At present the retailer runs a network of 150 stores in Romania: 25 hypermarkets, 80 supermarkets, 44 proximity stores and one online store. But the French firm wants to further expand its local presence. In April it posted a recruitment ad for the new Supeco stores it plans to open in Romania. Supeco is a retail brand present so far only in Spain where it was launched last year. Four stores have opened since. The concept is a mix between a discounter and cash&carry store.

The Carrefour Group reported a turnover of RON 5.1 billion in Romania last year, while its net profit reached close to RON 140 million. Company representatives said the estimates for this year were confidential. “The retail market showed signs of recovery in the first half of 2014, which makes us optimistic regarding the next semester,” Andreea Mihai, the retailer’s marketing director, told BR.

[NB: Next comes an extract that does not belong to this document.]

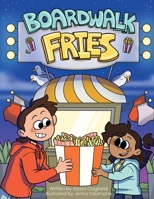 Boardwalk Fries 1952894840 Book Cover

She said that Carrefour plans to open two new hypermarkets this autumn, one in Bucharest, on the Vulcan platform, and the other in Targu-Jiu. “Domestic demand is growing, most probably as a result of the slight increase in the minimum wage and low inflation. The labor market has also registered an improvement – the unemployment rate has gone down and the number of advertized jobs has gone up,” said Mihai.

But it was Auchan that was the most active French retailer in Romania by far last year. After officially taking over the 20 Real hypermarkets it bought from the German Metro group as part of a regional deal, it increased its local network to 31 outlets.

The company thereby more than doubled its turnover last year to RON 4.6 billion (approximately EUR 1 billion), but also reported a EUR 15 million loss. It now hopes to reach breakeven this year or the next, according to company representatives.

And Auchan has more investment plans for the local market. It has allocated an investment budget of some EUR 100 million this year, which, in addition to the money used for the rebranding of the remaining Real hypermarkets, will go into Auchan Drumul Taberei, a project that will feature a hypermarket and office space in Bucharest, and works on the EUR 60 million Coresi Brasov, the shopping center being developed by Immochan, the real estate division of Auchan, in Brasov.

Besides all this, Auchan has also recently reached an agreement to buy the space that formerly hosted 12 Real hypermarkets and shopping gallerias, according to media reports.

Merger cements market

The proposed merger of cement giants Lafarge and Holcim will also require divestitures as the companies seek to receive anti-trust approval to seal the deal.  According to business daily Wall Street Journal, the firms plan to shed plants and businesses that generate more than USD 4 billion in revenue. Most of the proposed divestitures will be made in Europe. Under this plan, France’s Lafarge is set to sell its assets in Romania, according to the WSJ.

Lafarge Romania has two cement factories in Medgidia and Hoghiz. It also owns a division for aggregates, concrete and additional services.  The firm holds a 30 percent market share in Romania, similar to Swiss Holcim and Carpatcement, which is part of German HeidelbergCement. The Romanian cement market is estimated to be worth around EUR 600 to 700 million (7 million tons).